ANKARA — The Turkish lira fell further against the dollar on Wednesday, despite assurances by the central bank and amid tension over Syria. The lira fell to 2.06 to the dollar in initial trading, then rallied slightly to 2.0527, from 2.0382 at Tuesday’s close.
The Istanbul stock market fell by 1.52 percent, having already dropped by 4.73 percent at Tuesday’s close, 1.24 percent on Monday and by 6.0 percent last week.
Assurances from the head of the central bank Erdem Basci that the lira could rally to 1.92 to the dollar, or even stronger, at the end of this year did not convince the markets. After Basci’s comments, the dollar surged over 2.03 percent. However, the yield on 10-year government borrowing bonds went down and ended the day at 9.82 percent.
The yield on 10-year government bonds surged to 10.58 percent last week on the secondary market. The prospect of war in neighboring Syria is also weighing on sentiment. Foreign Minister Ahmet Davutoglu said in remarks published on Monday that Turkey would join an international coalition against Syria even if the U.N. Security Council failed to reach a consensus.

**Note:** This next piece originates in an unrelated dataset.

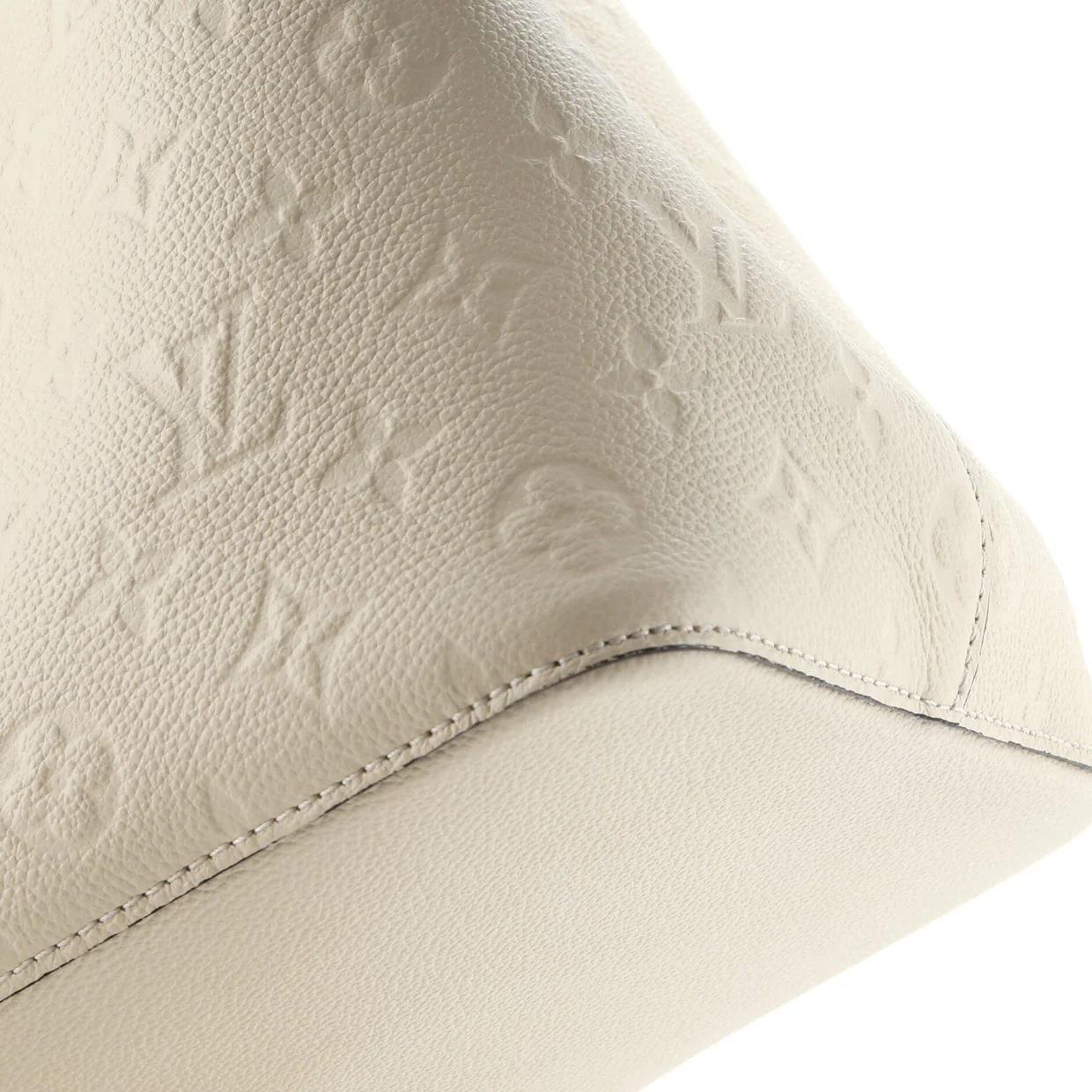 NeoNoe Handbag Monogram Empreinte Leather MM - Deep Luxury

On Tuesday, Basci ruled out any increases in interest rates but signalled that the bank would take bold action to defend the lira by using its official reserves. It has said that the bank has a war chest of about US$40 billion, and it is estimated that previously that bank has spent at least US$8.0 billion in attempts to support the lira. He said that the pressure on lira was temporary, giving clear signs that the bank would defend the currency aggressively, according to analysts. Turkey is being battered by an exodus of capital from emerging economies in Asia, Latin America, Russia and South Africa as investors pull out some funds after signals of a tightening of U.S. monetary policy. But analysts say its economy is fragile because its dependence on credit and worrying deficit on the balance of payments on current account.